Image-text web data
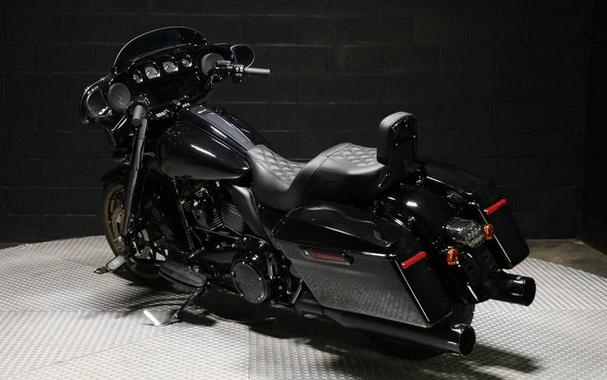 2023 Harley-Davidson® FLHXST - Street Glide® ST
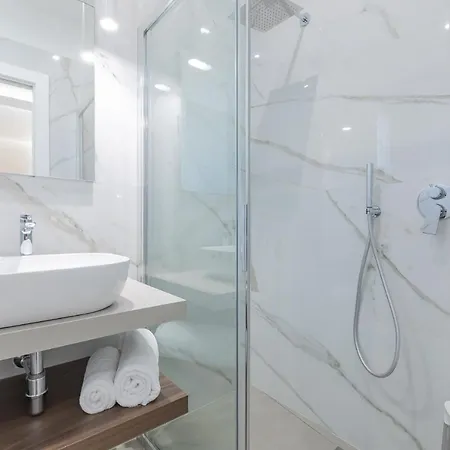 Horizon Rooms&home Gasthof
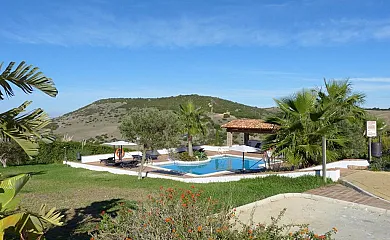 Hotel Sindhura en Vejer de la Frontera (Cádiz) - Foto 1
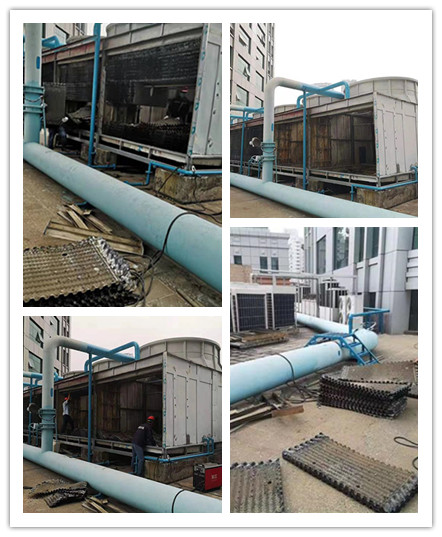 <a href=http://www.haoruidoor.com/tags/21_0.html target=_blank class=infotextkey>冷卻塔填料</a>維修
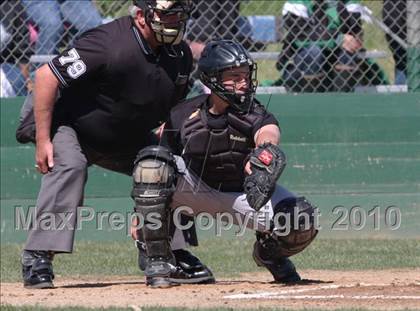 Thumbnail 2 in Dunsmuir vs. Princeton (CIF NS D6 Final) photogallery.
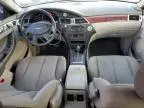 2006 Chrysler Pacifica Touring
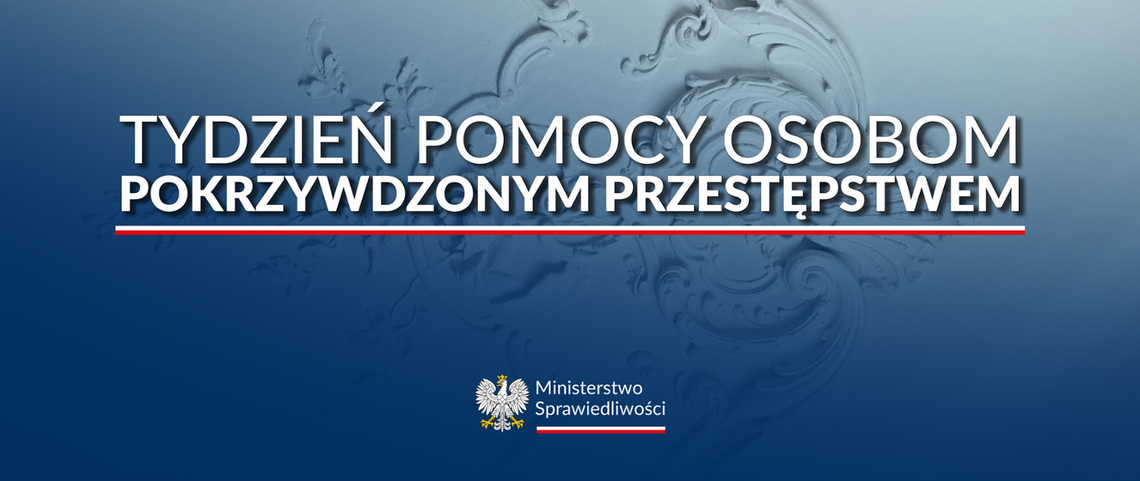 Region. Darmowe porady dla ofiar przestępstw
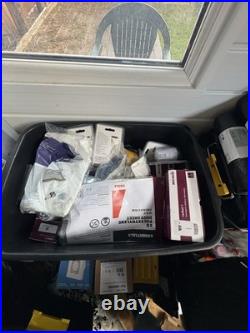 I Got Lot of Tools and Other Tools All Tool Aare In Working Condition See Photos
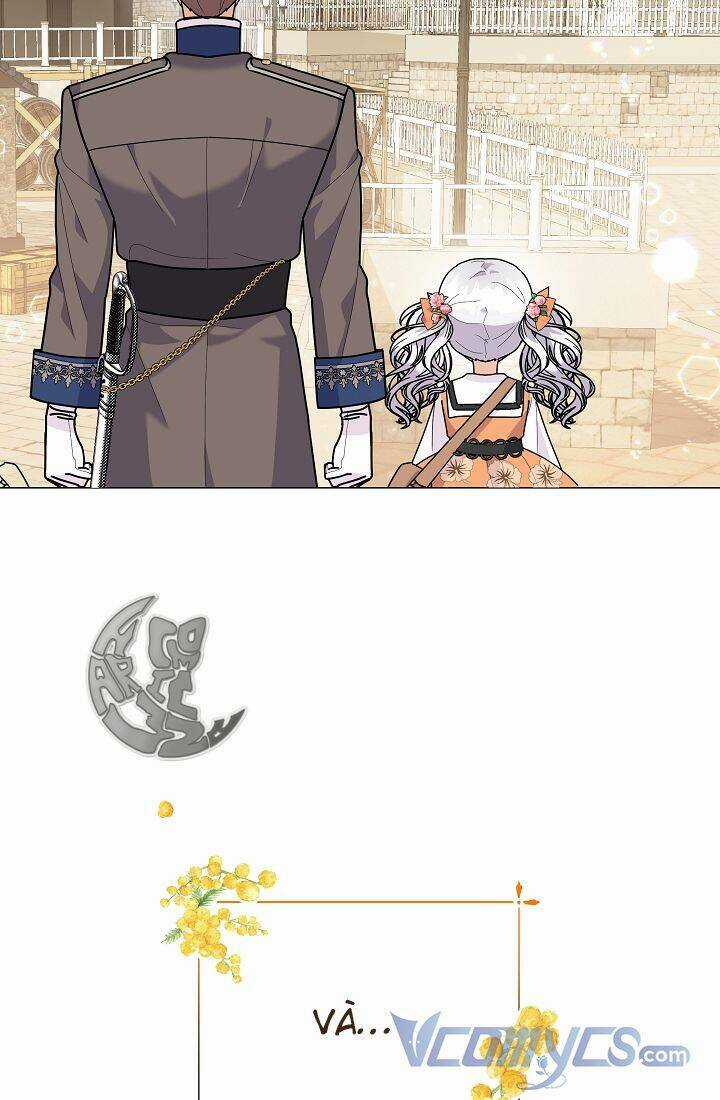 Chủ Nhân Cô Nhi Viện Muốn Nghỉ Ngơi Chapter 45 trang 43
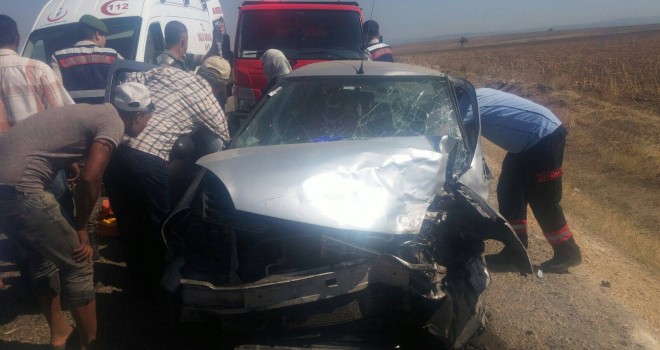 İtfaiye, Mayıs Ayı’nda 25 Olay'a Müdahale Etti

Aim of the task:
The required output is the lines from the one containing "Thumbnail 2 in" through the end of the records above, reproduced exactly, with no pictures.

Answer section:
 Thumbnail 2 in Dunsmuir vs. Princeton (CIF NS D6 Final) photogallery.
 2006 Chrysler Pacifica Touring
 Region. Darmowe porady dla ofiar przestępstw
 I Got Lot of Tools and Other Tools All Tool Aare In Working Condition See Photos
 Chủ Nhân Cô Nhi Viện Muốn Nghỉ Ngơi Chapter 45 trang 43
 İtfaiye, Mayıs Ayı’nda 25 Olay'a Müdahale Etti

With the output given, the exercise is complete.